We don’t add the +1 to the mantissa. If the mantissa is $101_2$ , the value is just $0.101_2$ instead of $1.101_2$ .
Normally, the real exponent of a number is calculated as $\text{exponent} - \text{bias}$ . So if the exponent is all 0s, the real exponent should be $-127$ . But subnormal numbers are a special case. Since we don’t add +1 to the mantissa, we also need to adjust the exponent to make up for this. So instead, the real exponent is calculated as $1 - \text{bias}$ , which becomes $1 - 127 = -126$ in this case.
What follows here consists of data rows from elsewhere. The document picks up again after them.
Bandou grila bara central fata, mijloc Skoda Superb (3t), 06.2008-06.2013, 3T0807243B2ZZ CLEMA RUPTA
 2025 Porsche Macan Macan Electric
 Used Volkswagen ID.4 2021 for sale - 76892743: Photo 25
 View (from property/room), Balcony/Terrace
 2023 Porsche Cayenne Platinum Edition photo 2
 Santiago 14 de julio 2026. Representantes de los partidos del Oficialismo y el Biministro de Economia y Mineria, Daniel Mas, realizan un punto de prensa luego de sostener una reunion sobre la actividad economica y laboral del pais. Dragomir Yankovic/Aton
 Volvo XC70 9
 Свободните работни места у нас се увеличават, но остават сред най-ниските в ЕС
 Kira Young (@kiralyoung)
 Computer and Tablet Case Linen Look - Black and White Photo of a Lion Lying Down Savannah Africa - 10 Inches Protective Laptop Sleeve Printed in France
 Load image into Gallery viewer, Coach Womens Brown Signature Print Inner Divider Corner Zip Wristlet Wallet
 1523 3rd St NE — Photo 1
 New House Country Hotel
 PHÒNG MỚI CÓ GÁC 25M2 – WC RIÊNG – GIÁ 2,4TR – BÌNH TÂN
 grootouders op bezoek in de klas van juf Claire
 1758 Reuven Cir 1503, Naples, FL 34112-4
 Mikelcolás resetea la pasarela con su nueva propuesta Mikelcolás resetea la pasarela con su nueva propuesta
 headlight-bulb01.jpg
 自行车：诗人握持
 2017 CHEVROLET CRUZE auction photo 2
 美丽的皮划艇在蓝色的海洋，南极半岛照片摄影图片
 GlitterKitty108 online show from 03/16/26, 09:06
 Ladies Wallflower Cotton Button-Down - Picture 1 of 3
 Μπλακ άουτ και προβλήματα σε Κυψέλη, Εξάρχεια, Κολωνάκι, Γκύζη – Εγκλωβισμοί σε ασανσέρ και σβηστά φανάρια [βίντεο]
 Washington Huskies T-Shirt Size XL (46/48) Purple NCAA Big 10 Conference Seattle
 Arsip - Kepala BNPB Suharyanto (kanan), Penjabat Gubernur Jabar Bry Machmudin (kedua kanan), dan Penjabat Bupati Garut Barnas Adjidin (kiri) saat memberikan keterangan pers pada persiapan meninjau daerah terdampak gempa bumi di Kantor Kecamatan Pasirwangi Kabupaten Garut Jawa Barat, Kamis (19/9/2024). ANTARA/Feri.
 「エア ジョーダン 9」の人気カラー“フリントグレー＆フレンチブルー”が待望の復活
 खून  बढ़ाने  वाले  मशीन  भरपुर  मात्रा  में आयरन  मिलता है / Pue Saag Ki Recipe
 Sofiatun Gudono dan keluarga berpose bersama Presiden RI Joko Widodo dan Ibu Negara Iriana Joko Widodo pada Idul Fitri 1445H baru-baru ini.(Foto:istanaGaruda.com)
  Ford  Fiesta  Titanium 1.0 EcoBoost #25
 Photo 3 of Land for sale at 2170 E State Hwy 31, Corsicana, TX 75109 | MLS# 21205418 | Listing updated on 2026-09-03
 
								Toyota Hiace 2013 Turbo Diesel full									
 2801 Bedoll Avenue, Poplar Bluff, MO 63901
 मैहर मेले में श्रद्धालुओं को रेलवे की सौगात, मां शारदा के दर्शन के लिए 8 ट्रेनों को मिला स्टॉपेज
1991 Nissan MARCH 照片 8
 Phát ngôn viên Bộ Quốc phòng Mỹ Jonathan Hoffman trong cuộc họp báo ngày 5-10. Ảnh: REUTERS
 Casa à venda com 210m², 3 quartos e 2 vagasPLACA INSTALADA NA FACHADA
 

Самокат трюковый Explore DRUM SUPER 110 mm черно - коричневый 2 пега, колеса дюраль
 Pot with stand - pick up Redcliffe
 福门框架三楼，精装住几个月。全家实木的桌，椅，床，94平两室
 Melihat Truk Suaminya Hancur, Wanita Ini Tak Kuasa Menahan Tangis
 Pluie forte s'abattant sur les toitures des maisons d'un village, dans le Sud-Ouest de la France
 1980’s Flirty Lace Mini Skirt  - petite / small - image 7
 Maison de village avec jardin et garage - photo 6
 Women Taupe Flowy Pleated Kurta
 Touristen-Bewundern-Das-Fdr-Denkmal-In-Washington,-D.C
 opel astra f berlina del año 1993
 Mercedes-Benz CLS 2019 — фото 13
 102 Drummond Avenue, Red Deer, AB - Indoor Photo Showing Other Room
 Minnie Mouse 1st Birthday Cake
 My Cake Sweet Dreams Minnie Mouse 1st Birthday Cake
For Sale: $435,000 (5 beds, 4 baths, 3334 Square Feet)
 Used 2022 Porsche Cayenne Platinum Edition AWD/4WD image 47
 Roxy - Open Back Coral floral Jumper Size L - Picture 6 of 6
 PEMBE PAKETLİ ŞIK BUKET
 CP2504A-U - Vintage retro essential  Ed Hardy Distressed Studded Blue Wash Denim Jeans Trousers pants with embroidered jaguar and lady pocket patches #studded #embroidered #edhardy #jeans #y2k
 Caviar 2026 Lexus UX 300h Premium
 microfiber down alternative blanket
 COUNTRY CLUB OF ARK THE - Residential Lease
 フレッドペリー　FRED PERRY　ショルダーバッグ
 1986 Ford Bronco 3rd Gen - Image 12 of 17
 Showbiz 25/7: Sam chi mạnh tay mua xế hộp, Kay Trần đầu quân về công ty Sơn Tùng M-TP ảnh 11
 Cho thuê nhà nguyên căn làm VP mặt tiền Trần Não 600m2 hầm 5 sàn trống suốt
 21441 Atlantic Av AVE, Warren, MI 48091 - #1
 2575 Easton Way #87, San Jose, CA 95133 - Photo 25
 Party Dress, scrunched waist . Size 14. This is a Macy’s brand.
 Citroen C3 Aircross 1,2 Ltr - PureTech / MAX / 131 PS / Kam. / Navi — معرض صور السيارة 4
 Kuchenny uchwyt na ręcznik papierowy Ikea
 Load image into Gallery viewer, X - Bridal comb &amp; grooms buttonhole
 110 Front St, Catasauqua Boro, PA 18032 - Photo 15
These two changes allow us to represent subnormal numbers. Play around with the simulation to understand it better.

Other Formats of IEEE 754

We mainly talked about the 32 bit standard here, but there is also other formats. Here is a list of the 3 most common:

binary32: The 32 bit standard.
- 1 + 8 + 23 = 32
- Bias = 127
- Called the single-precision format.
- The float data type in C and C-like languages.
binary64: The 64 bit standard
- 1 + 11 + 52 = 64
- Bias = 1023
- Called the double-precision format.
- The double data type in C and C-like languages.
binary128: The 128 bit standard
- 1 + 15 + 112 = 128
- Bias = 16383

Conclusion

This is it. A way to represent a large range of numbers with a limited number of bits. This is basically how all computers represent non-integer numbers. Maybe you’ll never need this knowledge during programming (other than the fact that you can’t blame the 0.1 + 0.2 !== 0.3 “bug” on JavaScript now), but it’s really interesting to see how they came up with this standard, and how you might have even invented it yourself.

As a final challenge, try to convert the number $16777217_{10}$ to a 32-bit IEEE754 format. You might discover something interesting.